36 horas de plantão
Começando o dia sendo chamada devido a pacientes internadas para cirurgias, portadores de hipertensão sem prescrição de qualquer medicação. Foram internadas no dia anterior por um cirurgião, que nem perguntou se ambas tinham alguma doença. Aliás, essa parece ser a rotina, com louváveis exceções. Uma calmaria de uma hora, mais ou menos, enquanto resolvi estudar diarréia. Depois, as portas do inferno se abriram. Pra variar, não havia médico na outra emergência. Foram 37 pacientes pelo SUS, mais outros de planos de saúde, seis internamentos, cinco transferências, incluindo uma fratura de úmero em um senhor de uns 60 anos. Simplesmente caiu. Osteoporose.

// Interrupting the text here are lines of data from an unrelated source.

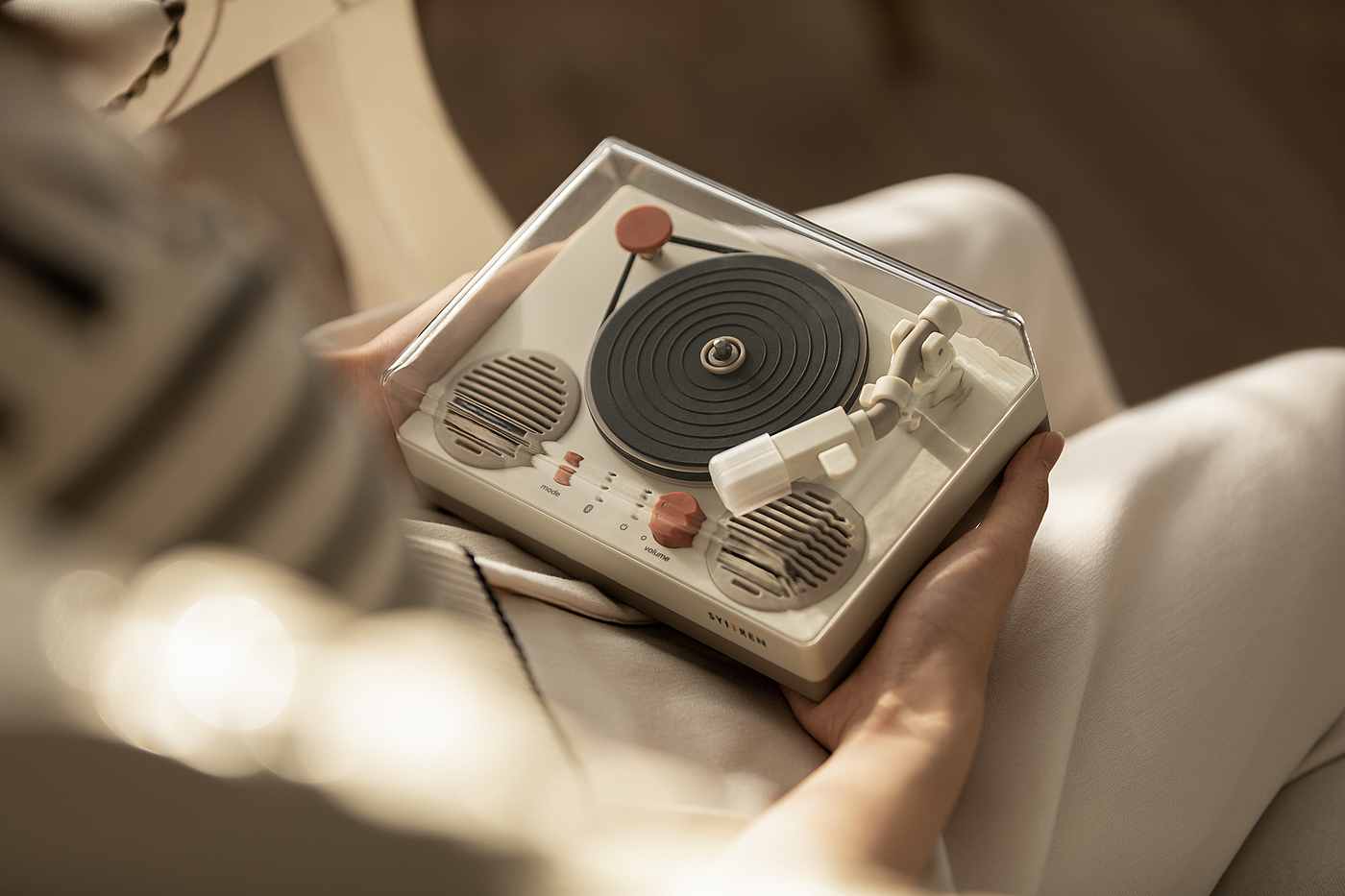 jukebox，Retro，Bluetooth Speaker ，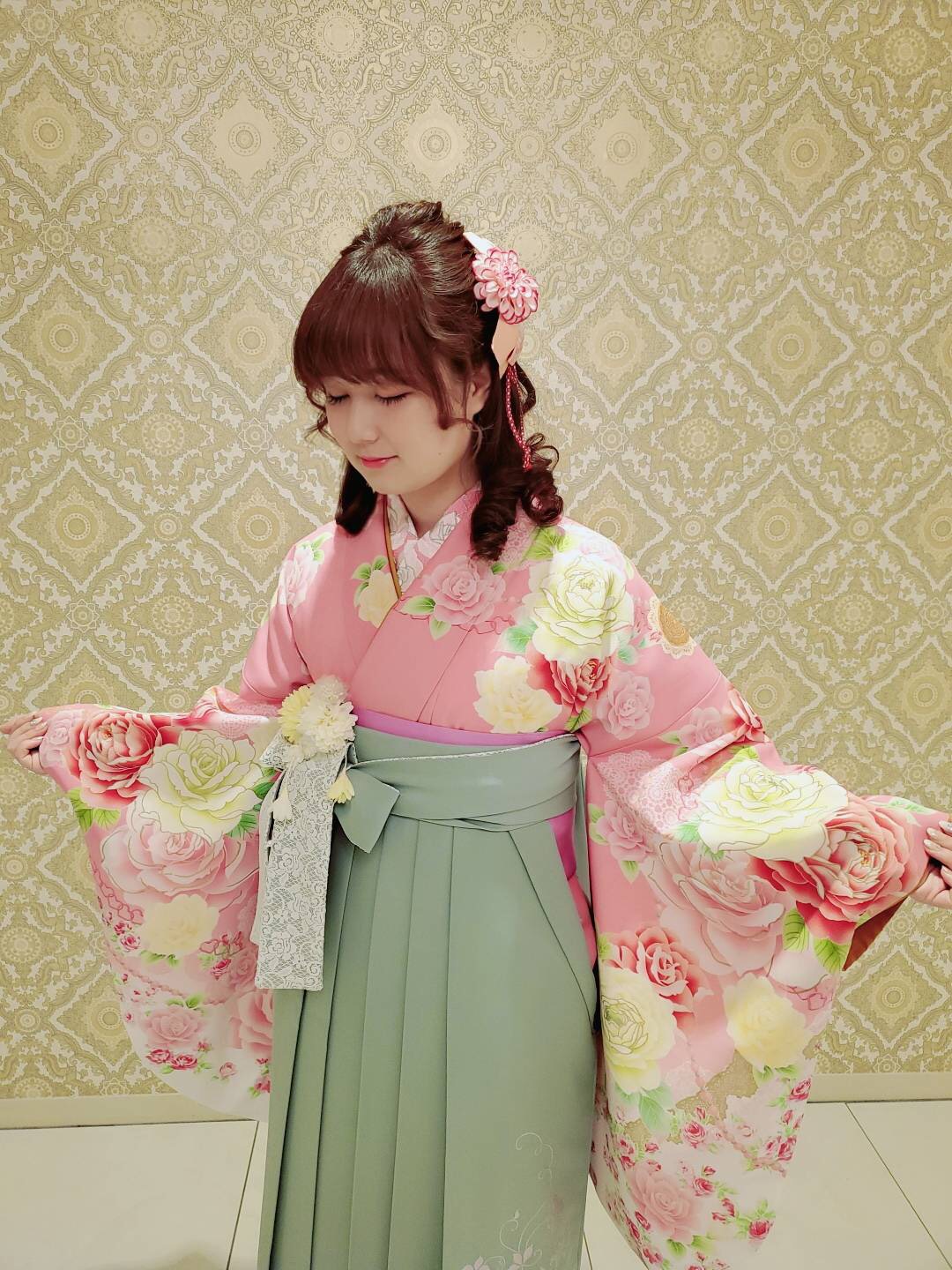 スタッフさんの対応も神対応でした！！
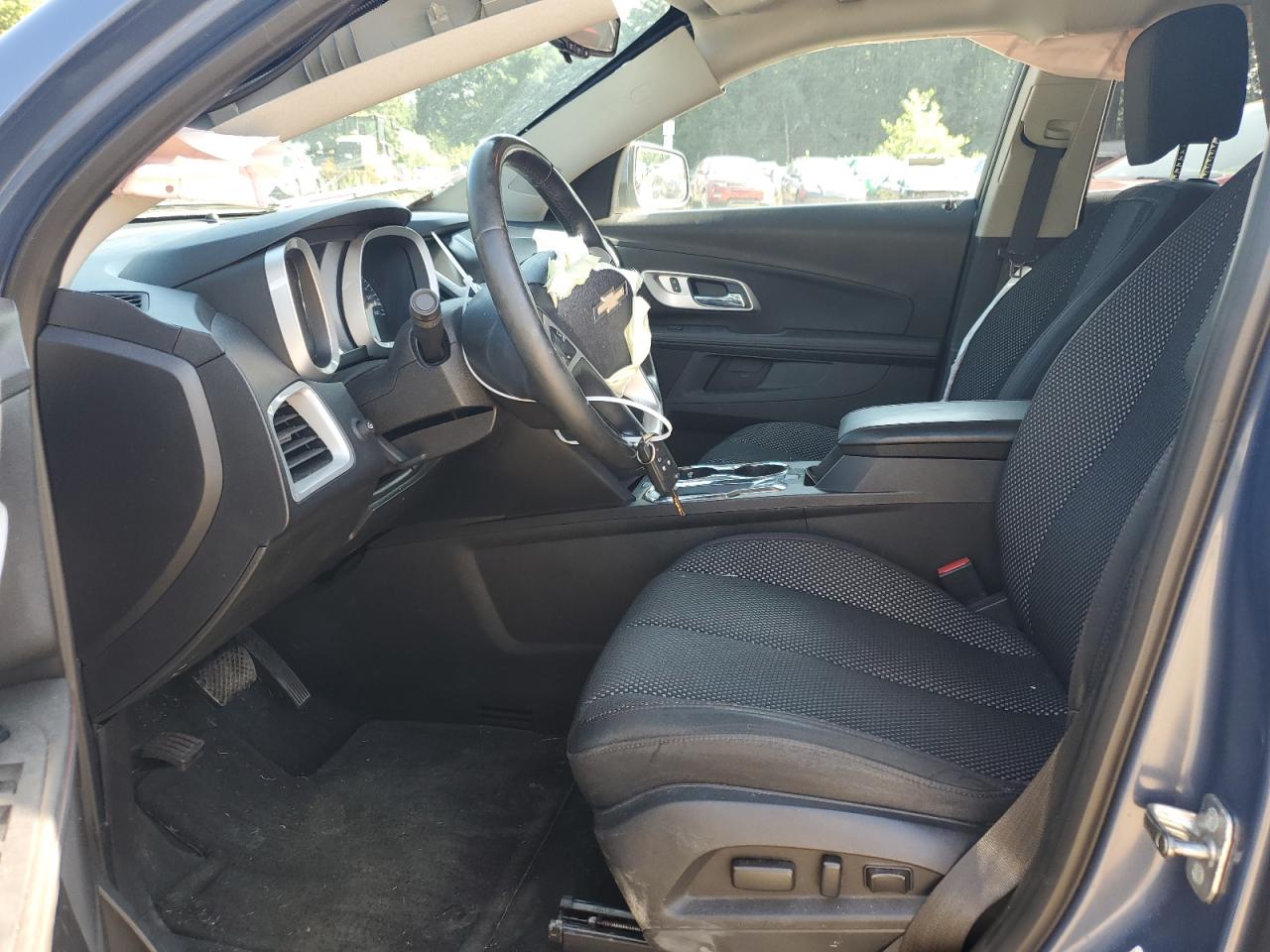 2012 Chevrolet Equinox Lt VIN: 2GNFLEEK4C6215926 Lot: 68299104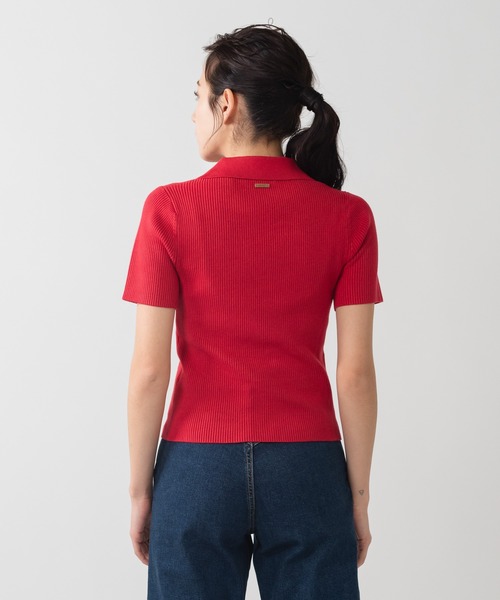 Modigliani 赤 ポロシャツ NISMO ニスモ #23 COMFIT ポロシャツ レッド 赤 L 数量限定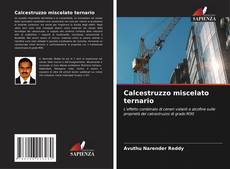 Copertina di Calcestruzzo miscelato ternario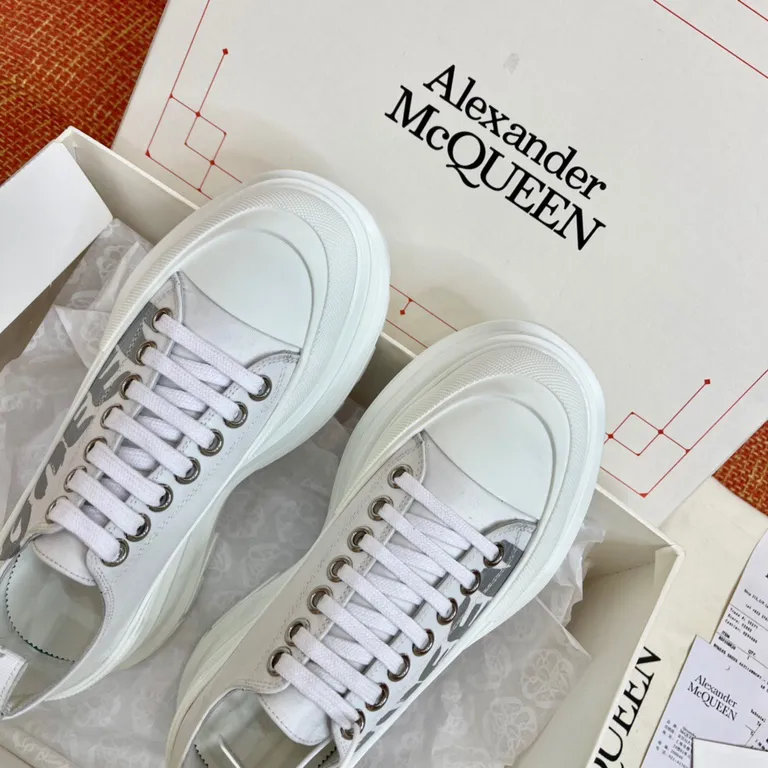 Alexander McQueen Shoe 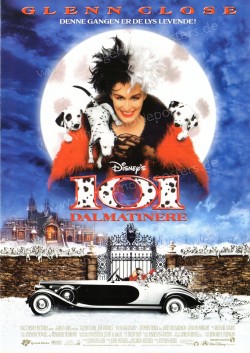 101 Dalmatiner (101 Dalmatians)
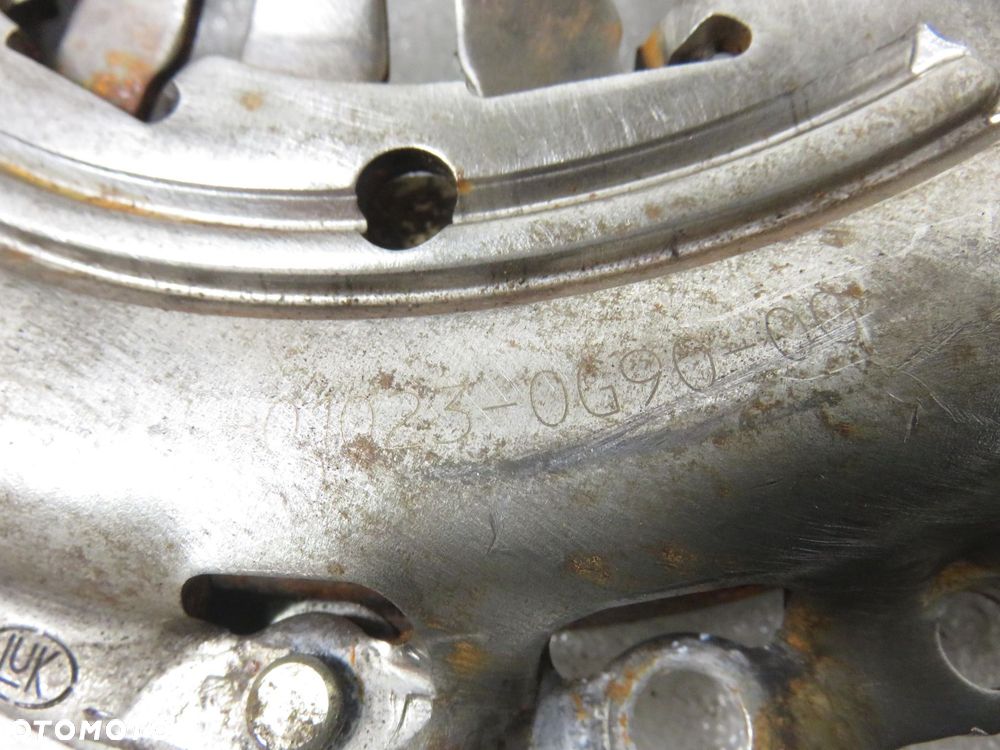 KOŁO DWUMASOWE PEUGEOT 307 1.6 HDI 323070110 - 6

No meio disso, chega um garotinho de três anos, com 40,5ºC, há três meses tendo pneumonias repetidas. Após me comunicar com o hospital de referência do plano de saúde, solicitei um raio-x para interná-lo. A autorização e o internamento foram recusados. Motivo: carência. E o garotinho podia morrer. Consegui facilmente uma vaga num hospital público, com residência em pediatria, que provavelmente não apenas vai tratá-lo mas também investigar o porquê da repetição da doença. O plano de saúde era o Ideal. E o SUS ofereceu um serviço infinitamente melhor.
Enquanto isso, foi chegando mais gente. Às três da tarde eu havia atendido quatro casos de diarréia, três deles tão graves que foram internados. Depois de vários casos de cólera no Estado, resolvi chamar a Vigilância Sanitária. Não é ser alarmista, é ser cuidadosa. E o pessoal da vigilância concordou comigo e ajudou um bocado, notificando os casos suspeitos e orientado a equipe do hospital.
Já depois das sete da noite, começaram os internamentos pra cirurgias no dia seguinte. Uma paciente teve a cirurgia suspensa por uso de AAS. Deveria ter suspenso o uso quinze dias antes e o cirurgião não avisou.”Por que não me fizeram essa entrevista quando fui operada da outra vez?”. Porque não fui quem lhe internou, tive vontade de dizer. E ela vai ter que remarcar tudo por falta de orientação. Do contrário, poderia sangrar até morrer na mesa de cirurgia.
Chegou uma moça com vômitos e dor abdominal. Apendicite? A observação sugeriu que não. Um senhor de 100 anos (99 anos e 11 meses) com diarréia há quinze dias. Lúcido e desidratado. Internamento para observação. A essa altura eram dez da noite e eu tinha almoçado às duas da tarde. Pois acredite que não havia jantar para mim. Havia acabado. A vontade que tive foi de ir me embora. Como alguém deixa um plantonista sem comida? Eu não podia sair de lá! E não era porque eu sou a médica do plantão. Podia ter sido qualquer um, o segurança, a enfermeira. Precisou que Ado viesse trazer comida pra mim. E eu perdi a fome com a raiva.
O dia reiniciou às cinco da manhã, com a auxiliar de enfermagem mais mal-humorada que já conheci. Ainda bem que ela só ficou até sete. A que ficou também não é simpatissícima, mas pelo menos não reclama de tudo. Houve menos gente, mas não parei quase nada. Vários retornos de pacientes que atendi, com resultados de exames, referindo melhora ou piora de algum sintoma. Um deles confirmou uma suspeita de hérnia de disco quando trouxe o raio-x da coluna.
Uma senhora com crise hipertensiva e nervosa, o marido saiu de casa, de repente fez as malas. Um alcoólatra ameaçando fisicamente a família, incluindo a mãe de 68 anos. E uma paciente que tinha tido alta há dois dias chegou morta ao servico: enfisema pulmonar. A filha dela teve uma crise histérica e a pressão arterial subiu. E chegou meu rendeiro, graças a Deus! Doente, mas veio.